After applying the minima of a functional for the network frequency, one of the three sincs created has a minimum of zero, which negates weight values around zero. This means, adding other terms such as bias and amplitude does not affect the minima and the “ripples” would still be there. (The exact mathematical computation can be found here).

However, these won’t make any impact with the learning tasks as long as the input data does not have low frequencies. But, in reality this is not the case. Most data sets have data with very low frequencies. Hence, researchers find it difficult to use the sine function as a result.

The authors also present a counterpoint that these can be mitigated or smoothened if the weights associated with the neurons are very small and exact in value, they can be initialised within a range of values.

Learning tested on an encoder-decoder architecture. The red curve shows sine waves as a function of network process iteration while the blue curve represents non-periodic function. The learning is higher on the sinusoidal functions. (Image courtesy: G.Parascandolo

Experimentally, these are tested for a MNIST data set taken in the study across a DNN and a Recurrent neural network (RNN).

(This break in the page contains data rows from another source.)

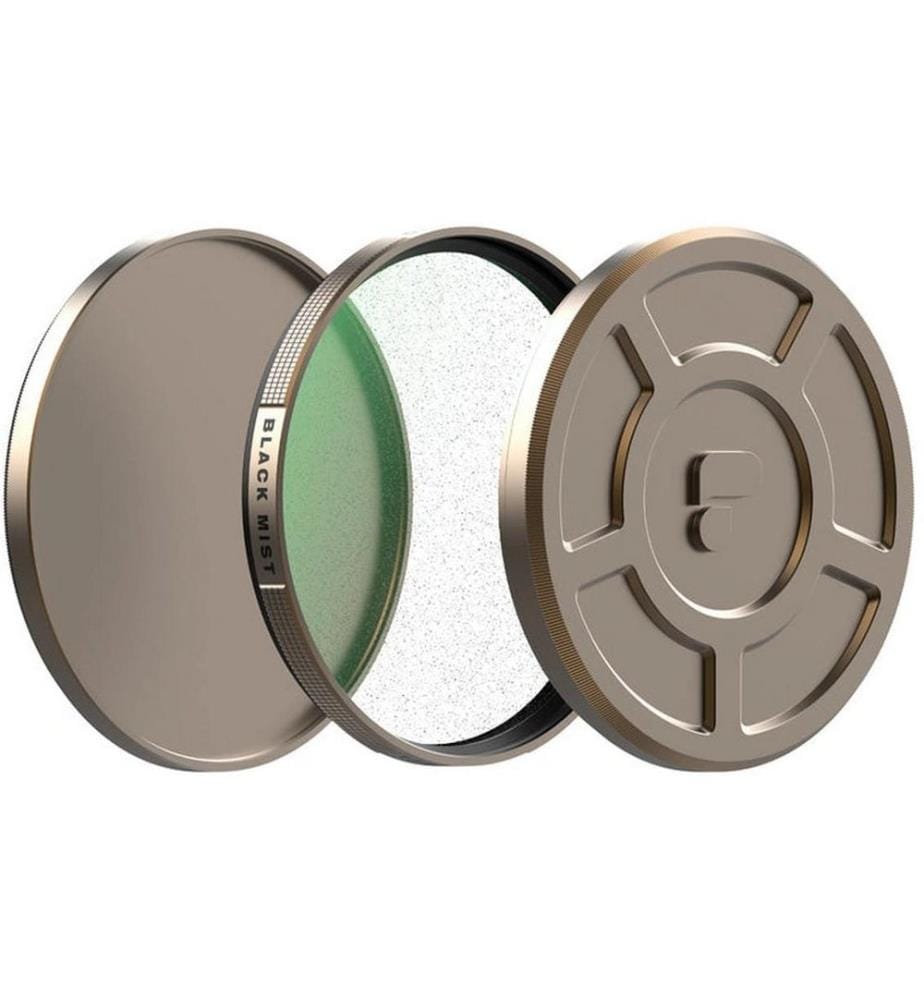 POLARPRO - 135 Series – Filtre à brume noire – 58 mm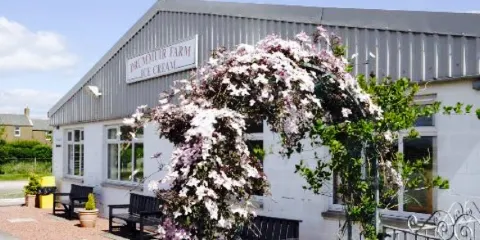 Drummuir Farm Ice Cream
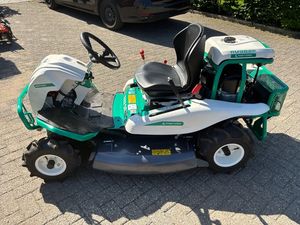 Tondeuse autoportée Orec RMK151 Rabbit, débroussailleuse haute performance, tondeuse inter-rangs RMK151, prix bas - Product Image 2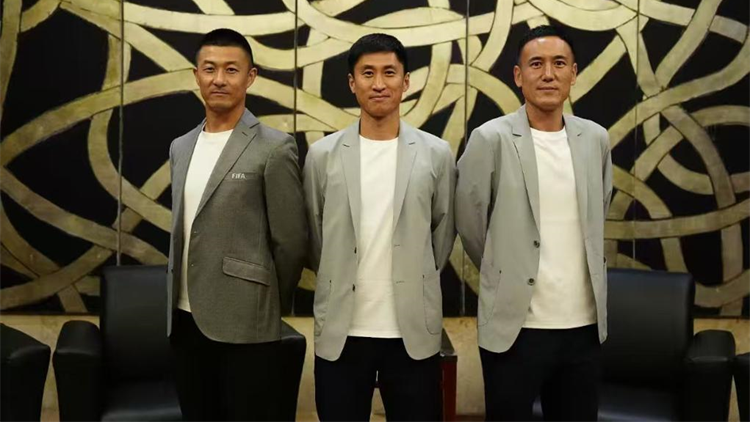 中國足球裁判出征美加墨世界盃
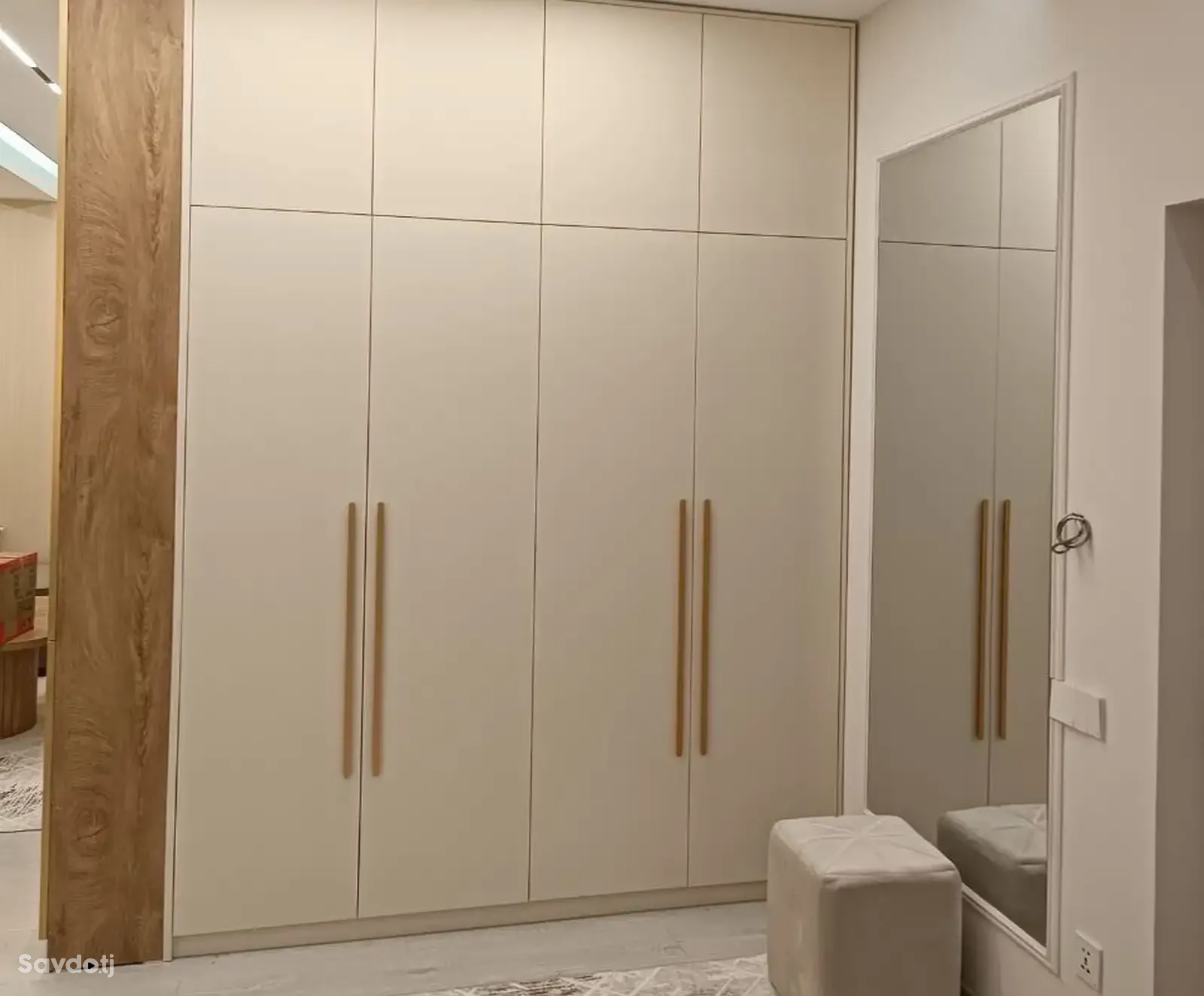 4-комн. квартира, 15 этаж, 115м², Шохмансур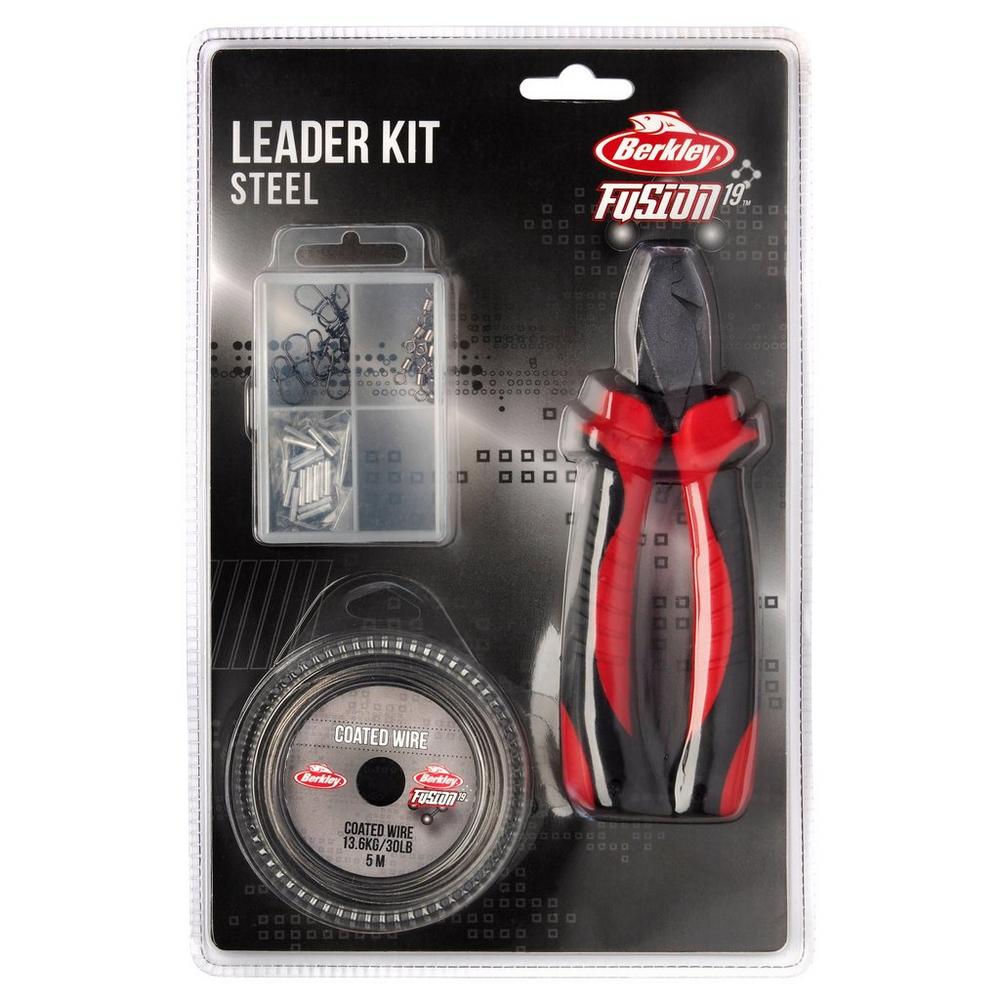 Kit Berkley Fusion19 Leader Steel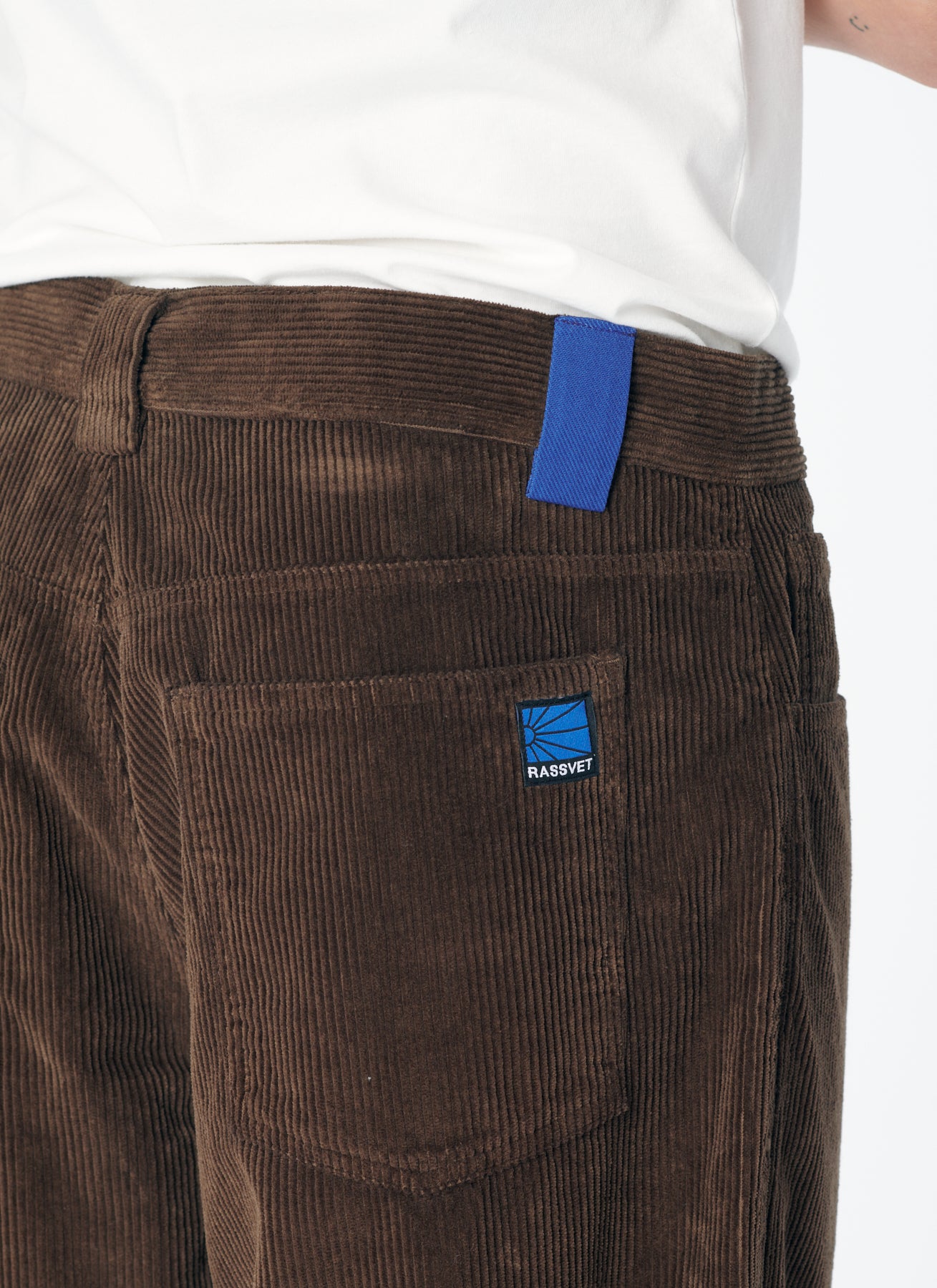 CORDUROY PANTS
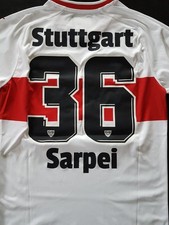 VfB Stuttgart Trikot M weiß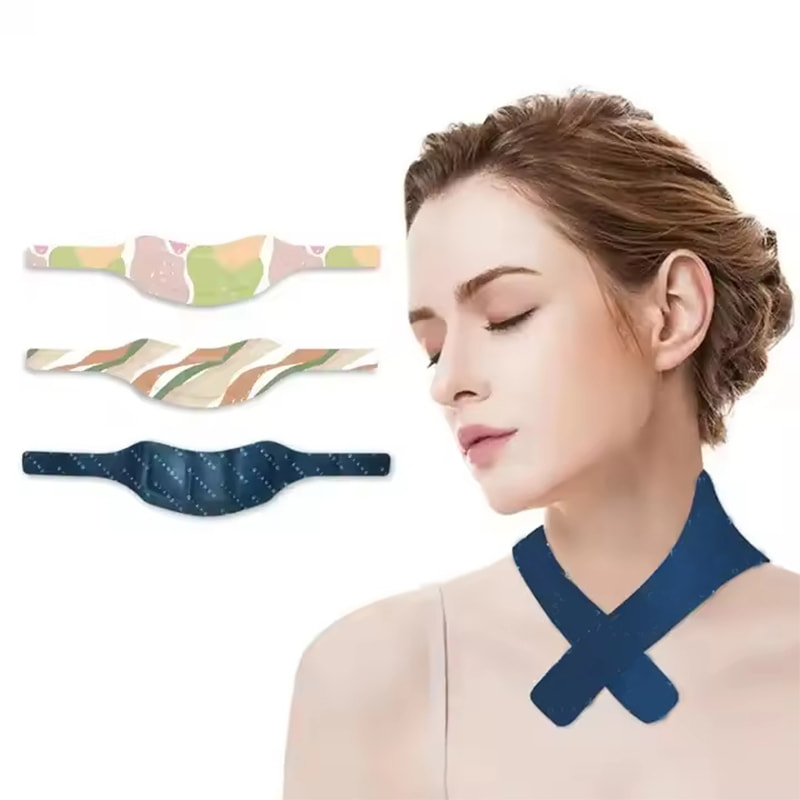 Neck Heat Patches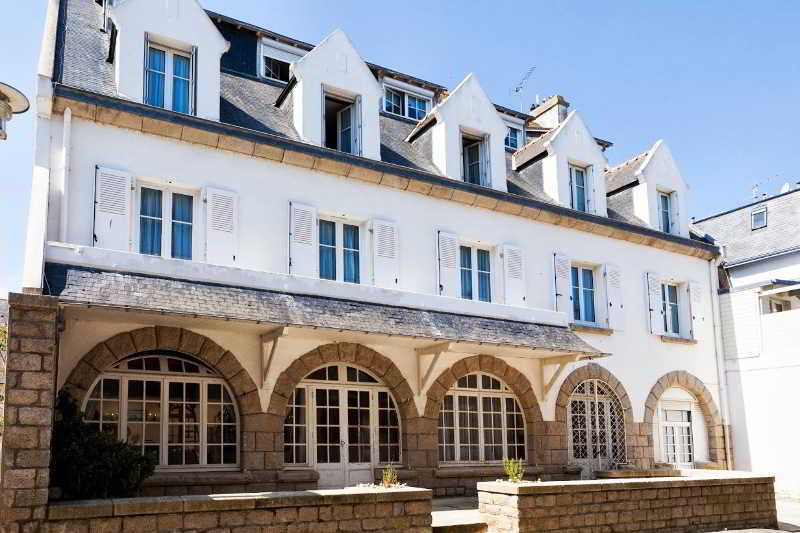 Hotel Les Residences D'Armor Douarnenez Buitenkant foto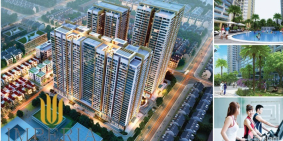 BÁN CĂN HỘ CAO CẤP 03 PN DỰ ÁN IMPERIA GARDEN – BAN CÔNG ĐÔNG BẮC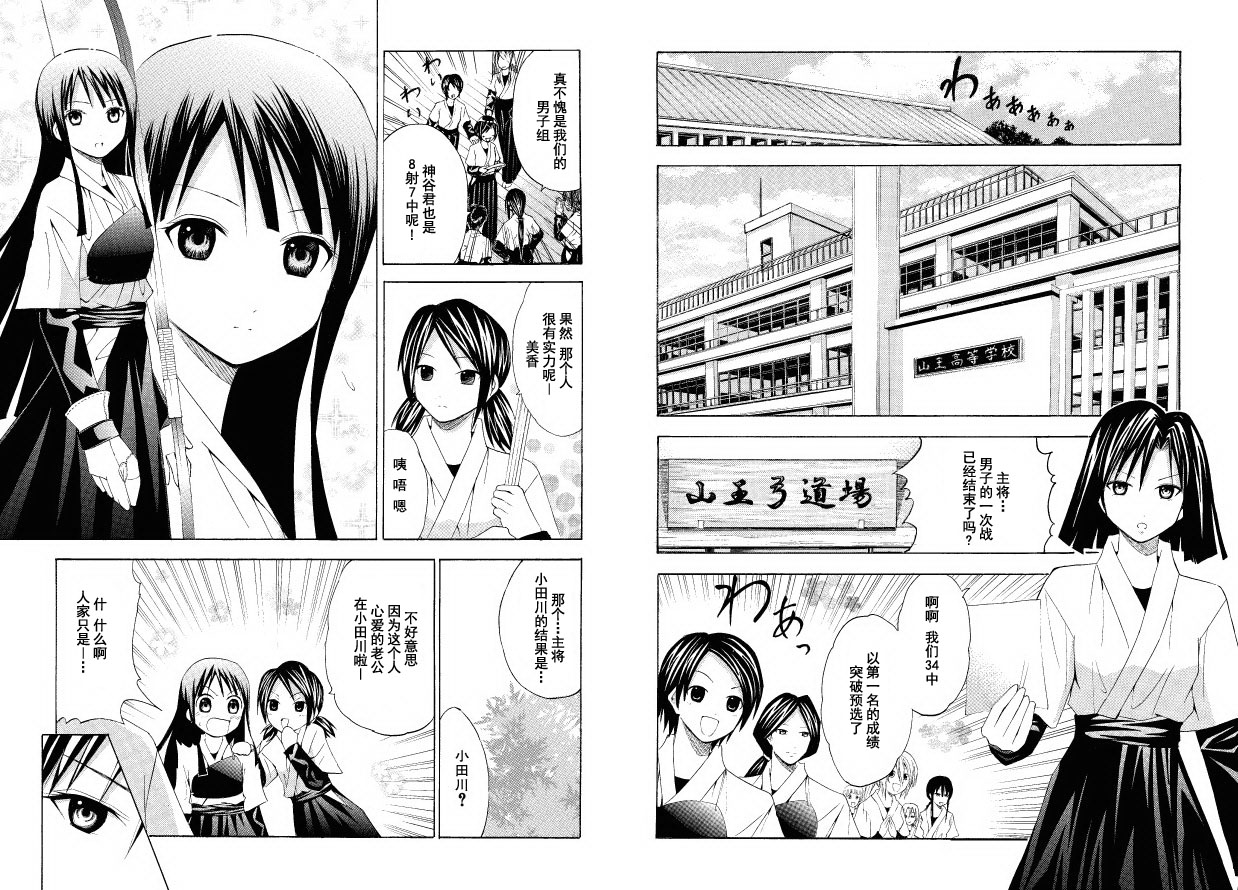 皆中！ 第48话 第6页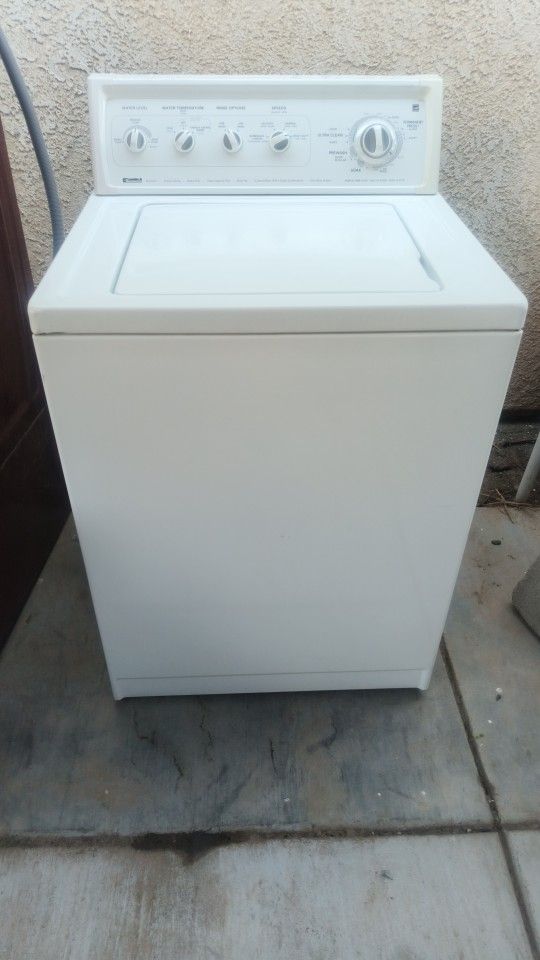 $$ KENMORE WASHER MACHINE $$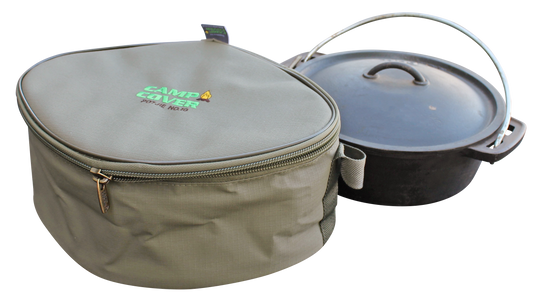 Potjie Cover Flat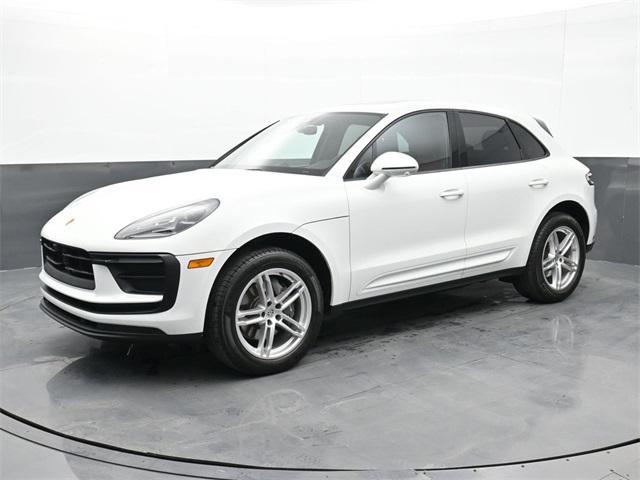 used 2024 Porsche Macan car, priced at $64,991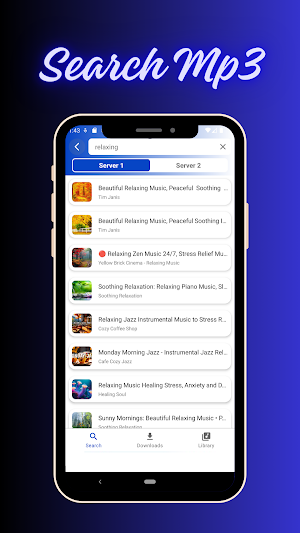 mp3juice - music downloader Screenshot 3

The test results show an accuracy of up to 90 percent. In addition, the learning task which was done using an encoder-decoder architecture, was faster with respect to the sine function.


This brings us to the fact that sinusoidal activation functions are not to be ignored or neglected in the creation of activation functions in NN. It all depends on the type of tasks present in the algorithms to be trained in the networks. Periodic functions do present an alternate take for activations in neural models.